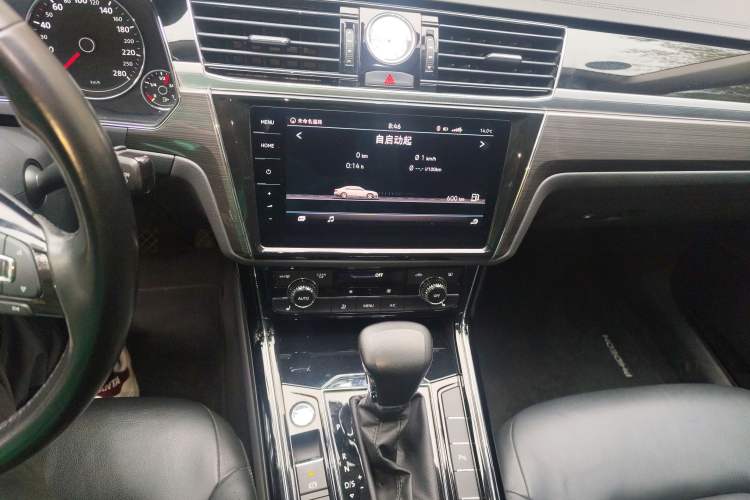 Used Volkswagen Phideon 2019 380TSI Two-Wheel Drive Business Edition China VI Standard
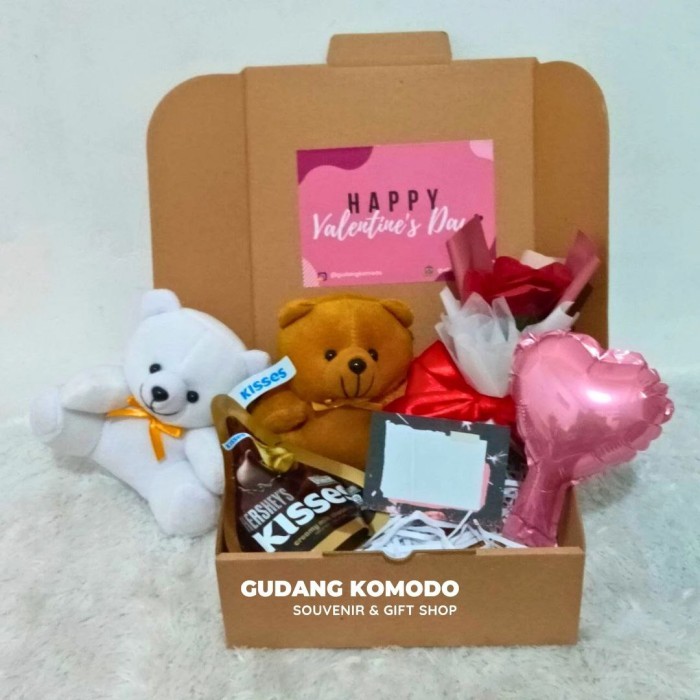 

HAMPERS COKELAT VALENTINE HADIAH ANNIVERSARY PACAR KADO VALDAY MURAH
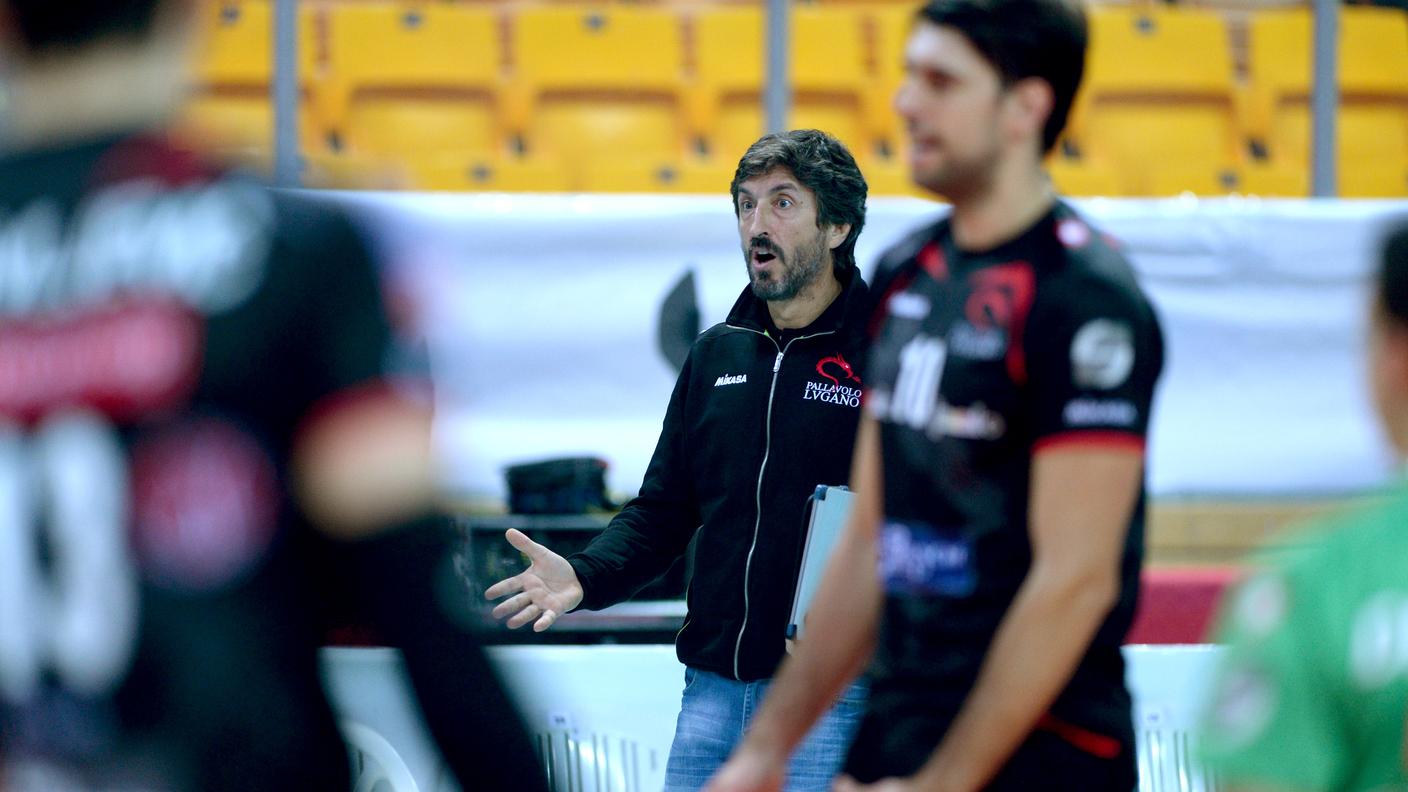 A mani vuote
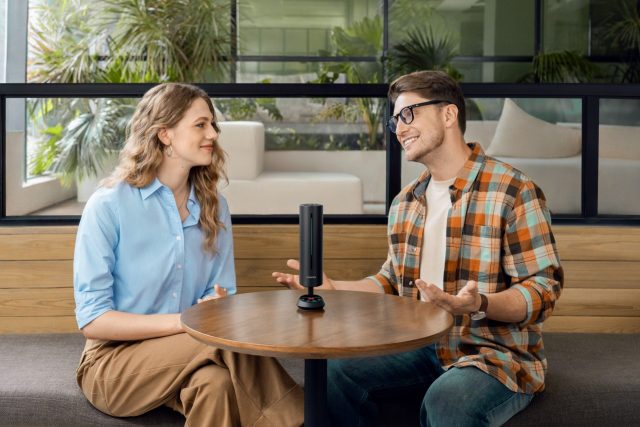 Парящая революция: Insta360 представляет левитирующую веб-камеру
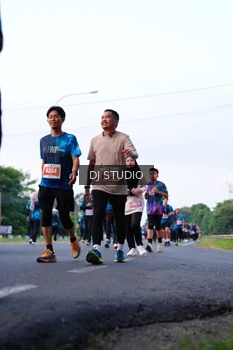 Runner Photo 4860883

DIRECTIONS FOR THIS TASK: Please give the records above again exactly as they stand, with no pictures.

COMPLETED EXERCISE:
 Used Volkswagen Phideon 2019 380TSI Two-Wheel Drive Business Edition China VI Standard

HAMPERS COKELAT VALENTINE HADIAH ANNIVERSARY PACAR KADO VALDAY MURAH
 A mani vuote
 Парящая революция: Insta360 представляет левитирующую веб-камеру
 Runner Photo 4860883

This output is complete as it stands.